10.—(1) An authorised officer may, at any time, give written consent to the movement of a controlled wine-sector product.

(2) An authorised officer shall, upon request, give written consent to the movement of a controlled wine-sector product if he, or another authorised officer, has been given a written undertaking to the effect that—

(a)the wine-sector product will be moved to a place approved by an authorised officer; and

(b)the wine-sector product will not be moved from that place without the written consent of an authorised officer.

(3) A consent given by an authorised officer under this regulation shall—

(a)specify the wine-sector product to which it relates; and

(b)state that the wine-sector product continues to be controlled.

(4) An authorised officer of the Wine Standards Board who has been requested to give a consent under this regulation, and who refuses to do so, shall communicate that refusal in writing together with written notice of the right, contained in regulation 11, to have that refusal reviewed, and explaining how that right may be exercised and the effect of exercising that right.

Review of prohibitions etc. on movement of wine-sector products

11.—(1) This regulation applies where an authorised officer of the Wine Standards Board—

(a)has given to a person who appears to him to be in charge of a wine-sector product a notice under regulation 9(2); or

(b)has refused to give consent to the movement of a controlled wine-sector product under regulation 10.

(2) A person to whom the notice or refusal has been given may make a written request to the Secretary to the Wine Standards Board for him to review the giving of the notice or refusal.

(3) Where a request for the review of a notice or refusal is received by the Secretary to the Wine Standards Board he shall review the notice or refusal and communicate his decision on the review within fourteen days from his receipt of the request.

(4) Where a person is dissatisfied with the decision of the Secretary to the Wine Standards Board on a review he may make a written request to the Chairman of the Wine Standards Board for a further review by the Wine Standards Board of the giving of the notice or refusal.

(5) On such a request the Wine Standards Board shall, if satisfied that the decision of the authorised officer to give the notice or refuse consent was not justified, cause the notice to be withdrawn or, as the case may be, give consent to the movement of the controlled wine-sector product concerned.

(6) The procedure and quorum for a meeting of the Wine Standards Board considering a request under this regulation shall be such as it determines.

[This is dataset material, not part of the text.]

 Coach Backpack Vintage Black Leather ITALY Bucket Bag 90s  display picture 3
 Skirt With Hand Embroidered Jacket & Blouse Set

Authorised officer acting in good faith

12.—(1) An authorised officer shall not be personally liable in respect of any act done in the execution or purported execution of these Regulations and within the scope of his employment, if—

(a)in relation to an act done by him, he did that act in the honest belief that these Regulations required or empowered him to do it, and

(b)in relation to an act of a person accompanying him and acting under his instructions, he honestly believed that these Regulations empowered him to instruct that person to do it.

(2) A person accompanying an authorised officer shall not be personally liable in respect of any act done by him in the execution or purported execution of these Regulations, if—

(a)he did that act on the instructions of the authorised officer, and

(b)he honestly believed that these Regulations empowered the authorised officer to give him those instructions.

(3) Nothing in paragraph (1) above shall be construed as relieving an enforcement authority from any liability in respect of the acts of its authorised officers.

(4) Where an action has been brought against an authorised officer in respect of an act done by him in the execution or purported execution of these Regulations and the circumstances are such that he is not legally entitled to require the enforcement authority to indemnify him, the authority may, nevertheless, indemnify him against the whole or part of any damages and costs or in Scotland of any damages and expenses which he may have been ordered to pay or which he may have incurred, if that authority is satisfied that he honestly believed the act complained of was within the scope of his employment and that his duty under the Regulations required or entitled him to do it.

Power to require analysis or examination

13.—(1) Subject to paragraph (3) below, the court before which any proceedings are brought for an offence under these Regulations may, if it thinks fit for the purposes of the proceedings, cause any article which is the subject of the proceedings and, if it has already been analysed or examined, is capable of being further analysed or examined, to be sent to a food analyst or food examiner, who shall make such analysis or examination as is appropriate and transmit to the court a certificate of the result thereof, and the costs of the analysis or examination shall be paid by the prosecutor or the person charged as the court may order.

(2) Subject to paragraph (3) below, if in a case in which an appeal is brought no action has been taken under paragraph (1) of this regulation as respects a particular article, the provisions thereof shall apply as respects that article in relation to the court by which the appeal is heard.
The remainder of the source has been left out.